Like many women, I feel like I am always devising some scheme to make things better.
The next day, when I was eating lunch, I took more time to do it. I have no idea if I actually felt fuller more quickly, but I did pay much closer attention to what I was eating. Consciously slowing down let me notice the flavors of the yogurt and the apples, the texture of the walnuts and sunflower seeds, a hint of the cinnamon I’d sprinkled on top. More than anything, though, slowing down just allowed me to be present in the moment. I felt the cool granite counter in my kitchen, noticed the trivet Jodi had recently hung above the stove, and heard the low hum of the air conditioner. In order to slow down my eating, I had to pay attention to my chewing, my movements, and even my posture. Paying attention to slowing down made me notice everything around me. This was more helpful than I'd realized.
But extending this to other areas of my life is not my natural inclination. Going fast is one of my most reliable defenses. It is a practice I developed years ago to stay out of the fray. It is usually unconscious, of course, but I know that if I move quickly, eyes focused on the goal, then I don’t really have to engage with much else. This behavior satisfies my needs as an introvert and gives me a sense that I’m on top of things, without having to slog through the real details.
Growing up in my chaotic family, I stayed busy at all times to prevent getting sucked into their dramas. Busy only really looks busy if it’s done quickly.
Plus, my brain also moves quickly—not a sign of intelligence so much as a kind of instinctive response to possible trouble. Again, I never knew which family member might have a meltdown and what that meltdown might look like. As early as I can remember, I was quickly scanning the scene for trouble, making a plan to calm things or to get out of the way. Like many women, I feel like I am always devising some scheme to make things better. This turns my thinking on high and keeps me moving as fast as I can toward the right answer.
But anyone whose speedometer is turned to high, like mine is, will tell you that this is not a particularly comfortable state in which to exist. Many times, the stress of it has prompted me to consider meditation and other mindfulness activities, but I have never been very good at disciplining myself to do it more than a couple of times. My recent experience with the yogurt reminded me that I’m probably making being mindful harder than it needs to be.

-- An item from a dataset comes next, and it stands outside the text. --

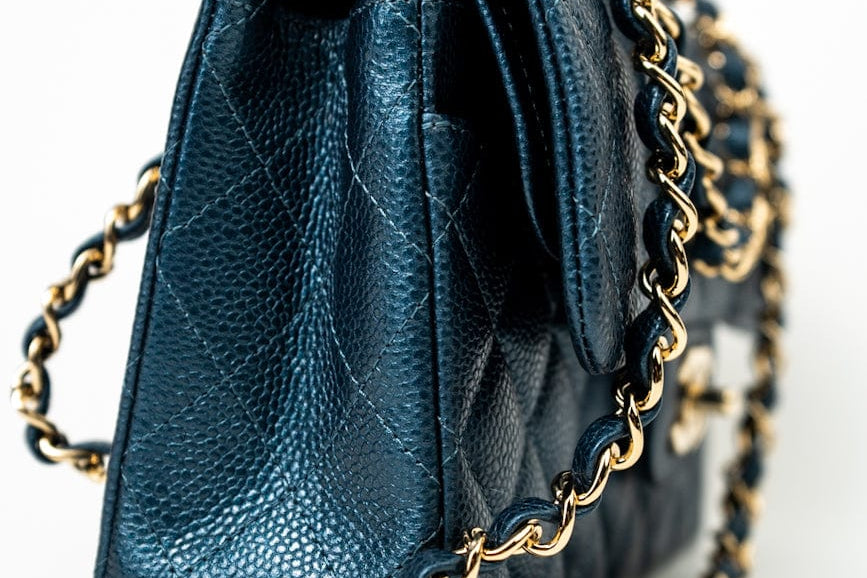 CHANEL Handbag 18S Dark Blue Small Caviar Quilted Classic Double Flap Light Gold Hardware -Knockoff
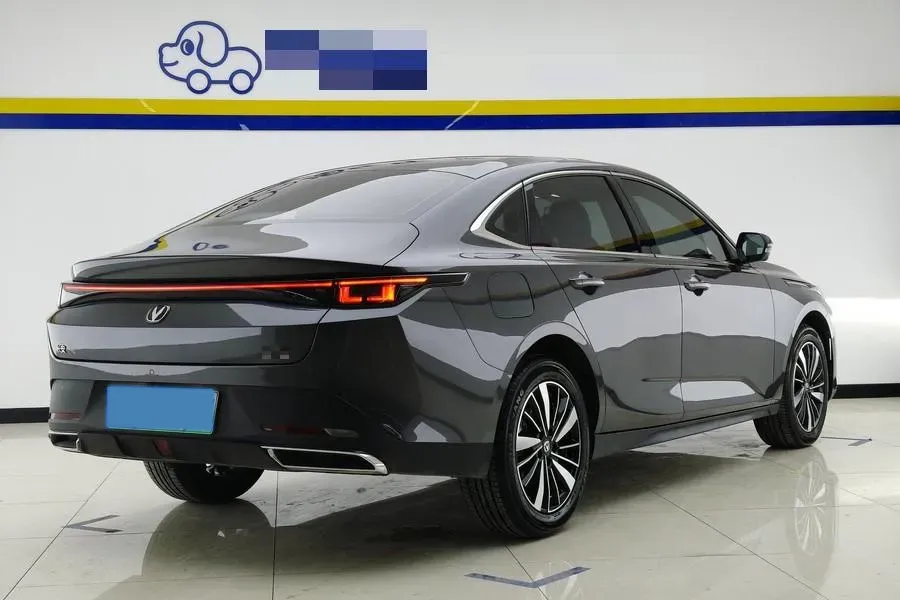 2025 ChangAn EadoPHEV 1.5L 98HP L4 E-CVT PHEV,autocango,china used car exporter,china ev exporter,chinese used car exporter,chinese used ev exporter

So I’m working on my own mindfulness plan now—just reminding myself to slow down. Period. If I think of it when I’m racing across campus, I’ll slow my pace. If I’m on some self-imposed race in the morning to do 35 things before I leave for work, I try to just slow down and do what I can do before I need to leave. If I’m thinking of 18 things at once I’m practicing slowing my thoughts to one at a time. These are small steps, I know, but I can feel a difference. If I just focus on slow, I start noticing more, my heart rate decreases, and my breathing feels more normal. I’m here, in this moment. Don’t race through it. Enjoy it. I’m trying—slowly.